In the remaining ten tracks, Twenty One Pilots hop thither and yon among genres, making up for some dips in inspiration with variety. Pop-punk returns less brilliantly in "Midwest Indigo", which suffers from the excessive slenderness of the sound, due to the absence of rhythm guitars. "Navigating" has a hook with debatable metrics, but it is overall a more successful song, as it diligently absorbs and modernizes the dance sound of early Bloc Party (now definable as "classic" given another explicit recent homage, that of Paramore with "This Is Why"). "At the Risk of Feeling Dumb" proceeds on autopilot, but it boasts an anthemic chorus and a nice message about ensuring the mental health of one's friends.
And, if tradition dictates that a couple of passable acoustic ballads should not be missing, "Clancy" also contains moments where possible evolutions of the duo's sound loom on the horizon. "Lavish", almost entirely rapped, revisits the theme of compensation to criticize the ostentation of luxury many resort to trying to survive in the music industry; it successfully combines a beautiful string arrangement with a refrain that seems to spring from Tame Impala's vocals, offering some amusingly burlesque verses ("I see your problem is your proctologist got both hands on your shoulder while you're bottomless").

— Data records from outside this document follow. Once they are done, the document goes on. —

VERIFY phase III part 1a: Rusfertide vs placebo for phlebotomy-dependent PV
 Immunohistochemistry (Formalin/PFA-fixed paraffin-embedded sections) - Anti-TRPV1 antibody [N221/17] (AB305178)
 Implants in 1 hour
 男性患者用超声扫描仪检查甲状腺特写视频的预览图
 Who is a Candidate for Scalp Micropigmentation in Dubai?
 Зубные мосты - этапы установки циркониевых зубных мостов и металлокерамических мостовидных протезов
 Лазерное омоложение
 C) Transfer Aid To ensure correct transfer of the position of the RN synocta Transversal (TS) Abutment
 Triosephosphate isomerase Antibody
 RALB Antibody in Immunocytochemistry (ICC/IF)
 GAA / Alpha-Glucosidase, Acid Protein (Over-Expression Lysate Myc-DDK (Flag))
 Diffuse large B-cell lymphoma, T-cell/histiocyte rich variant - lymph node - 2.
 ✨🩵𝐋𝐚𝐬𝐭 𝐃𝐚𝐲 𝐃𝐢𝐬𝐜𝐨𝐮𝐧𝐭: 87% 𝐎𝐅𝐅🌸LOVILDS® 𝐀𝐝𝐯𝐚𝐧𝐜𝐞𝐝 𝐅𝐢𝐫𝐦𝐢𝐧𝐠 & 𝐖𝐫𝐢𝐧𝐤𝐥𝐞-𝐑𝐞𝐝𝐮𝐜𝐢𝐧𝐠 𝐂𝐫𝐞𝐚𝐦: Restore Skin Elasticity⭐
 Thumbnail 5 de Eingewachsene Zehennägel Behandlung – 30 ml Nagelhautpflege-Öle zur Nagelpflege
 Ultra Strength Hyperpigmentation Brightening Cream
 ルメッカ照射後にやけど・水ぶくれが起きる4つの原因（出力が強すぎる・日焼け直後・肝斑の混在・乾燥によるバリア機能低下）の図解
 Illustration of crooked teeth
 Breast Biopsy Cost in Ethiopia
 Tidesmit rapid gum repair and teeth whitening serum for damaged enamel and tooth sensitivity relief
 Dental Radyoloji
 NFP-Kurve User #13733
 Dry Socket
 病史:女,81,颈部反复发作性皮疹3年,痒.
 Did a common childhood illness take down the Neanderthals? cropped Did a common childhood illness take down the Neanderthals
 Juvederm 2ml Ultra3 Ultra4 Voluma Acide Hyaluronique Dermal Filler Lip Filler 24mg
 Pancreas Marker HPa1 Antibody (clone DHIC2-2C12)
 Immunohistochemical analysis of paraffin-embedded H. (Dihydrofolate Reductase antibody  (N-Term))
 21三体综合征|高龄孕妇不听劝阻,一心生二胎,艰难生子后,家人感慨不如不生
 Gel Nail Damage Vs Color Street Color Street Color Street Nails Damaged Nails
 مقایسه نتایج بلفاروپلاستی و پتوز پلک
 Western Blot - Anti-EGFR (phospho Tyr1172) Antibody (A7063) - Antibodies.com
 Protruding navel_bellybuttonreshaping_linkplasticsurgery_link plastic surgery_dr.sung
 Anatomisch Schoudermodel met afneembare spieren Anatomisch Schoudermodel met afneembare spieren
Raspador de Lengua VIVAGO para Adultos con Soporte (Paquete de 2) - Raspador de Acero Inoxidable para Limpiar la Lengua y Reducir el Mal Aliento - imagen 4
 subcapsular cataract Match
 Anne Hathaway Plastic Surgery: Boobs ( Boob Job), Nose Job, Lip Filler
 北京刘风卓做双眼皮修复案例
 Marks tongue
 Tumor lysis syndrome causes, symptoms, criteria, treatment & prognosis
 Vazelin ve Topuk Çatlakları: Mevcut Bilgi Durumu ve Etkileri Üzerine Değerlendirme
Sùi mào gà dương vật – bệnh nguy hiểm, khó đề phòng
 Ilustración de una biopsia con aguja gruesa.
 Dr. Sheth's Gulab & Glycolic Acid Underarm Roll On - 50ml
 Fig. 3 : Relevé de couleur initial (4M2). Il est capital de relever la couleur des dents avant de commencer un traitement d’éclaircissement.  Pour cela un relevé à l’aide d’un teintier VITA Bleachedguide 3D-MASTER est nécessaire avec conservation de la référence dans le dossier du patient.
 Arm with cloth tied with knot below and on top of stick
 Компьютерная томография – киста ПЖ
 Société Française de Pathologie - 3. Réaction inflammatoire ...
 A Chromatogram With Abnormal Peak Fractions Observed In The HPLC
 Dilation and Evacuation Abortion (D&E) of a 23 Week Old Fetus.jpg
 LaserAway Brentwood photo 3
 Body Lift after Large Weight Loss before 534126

Kevin Parker comes to mind again listening to the final track, "Paladin Strait", a midtempo with ukulele, moderate disco influences, and a dreamy, hypnotic tail, narrating yet another escape attempt by Clancy ("I would swim the Paladin Strait without any floatation / Just a glimpse of visual aid of you on the other shoreline, waiting / Expectations that I'm gonna make it").
The only real slips occur when Joseph and Dun flatten on absolutely impersonal stylistic elements ("Routines in the Night") or when they decide to overdo it by increasing the drama to the absurd ("Vignette", which in the chorus winks at the now fifteen-year-old "The Pantaloon" and in the verses offers us an offensively bad imitation of Mike Shinoda).
Despite some shreds of lore continuing to surface in the lyrics, the focus of "Clancy" is certainly not on that. The promotional strategy was misleading and those waiting for the sequel to "Trench" will have to keep waiting. However, after digesting the thirteen songs and putting aside the initial disappointment, a positive judgment remains on the work. "Clancy" is a lively, varied, very catchy album and endowed with sufficient personality; it naturally doesn't replicate the total success of "Trench", but when DeBaser implements the half-star between 3 and 4, it will be too late.